Fig. 7.

Effects of hTrx1 on macrophage migration towards pancreatic islets. Cell migration assays were performed with primary murine macrophages cultured for 48 h in transwell plates using pancreatic islet culture medium as chemotactic stimulus in the presence or absence of reduced hTrx1 (final concentration 30, 60, 90 μg/ml), calcein-labelled migrated cells were counted. After 48 h of culture, islets were collected and washed three times with serum-free CMRL 1066 (PAA, Pasching, Austria). They were subsequently cultured for 48 h in serum-free CMRL 1066 supplemented with 2,5 mM l-Glutamine, 1 mM sodium pyruvate, 2 mg/ml glucose solution, 10 mM nicotinamide, Penicillin-Streptomycin and 200 mg Ciprofloxacin.
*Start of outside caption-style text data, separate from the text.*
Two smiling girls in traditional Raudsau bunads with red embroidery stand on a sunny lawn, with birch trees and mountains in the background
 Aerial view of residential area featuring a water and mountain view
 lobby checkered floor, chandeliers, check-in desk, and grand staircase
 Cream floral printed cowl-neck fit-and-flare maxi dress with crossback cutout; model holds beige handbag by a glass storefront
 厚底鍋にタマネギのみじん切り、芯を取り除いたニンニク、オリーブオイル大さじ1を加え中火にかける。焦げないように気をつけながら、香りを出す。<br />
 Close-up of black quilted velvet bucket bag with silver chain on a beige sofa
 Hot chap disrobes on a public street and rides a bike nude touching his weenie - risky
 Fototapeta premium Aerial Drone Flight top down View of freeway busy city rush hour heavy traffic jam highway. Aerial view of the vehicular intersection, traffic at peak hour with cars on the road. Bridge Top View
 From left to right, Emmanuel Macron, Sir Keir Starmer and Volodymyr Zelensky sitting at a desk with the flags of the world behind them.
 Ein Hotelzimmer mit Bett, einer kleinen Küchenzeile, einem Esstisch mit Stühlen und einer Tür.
The supernatant was collected for migration assay. As negative control, culture medium without islets was used. In addition, cells moving towards the islets' supernatant in the presence of 90 μg/ml denatured Trx1 (dhTrx1), redox-inactive hTrx1 C32S (C32S), or hTrx1 with 100 μM Polymyxin B were analyzed. The presence of 60 and 90 μg/ml hTrx1 significantly inhibited macrophage migration in contrast to dhTrx1 and C32S, which had no effect. Addition of Polymyxin B did not affect migration, ruling out LPS-mediated effects. ***p < 0.0001 (one-way ANOVA), n = 6.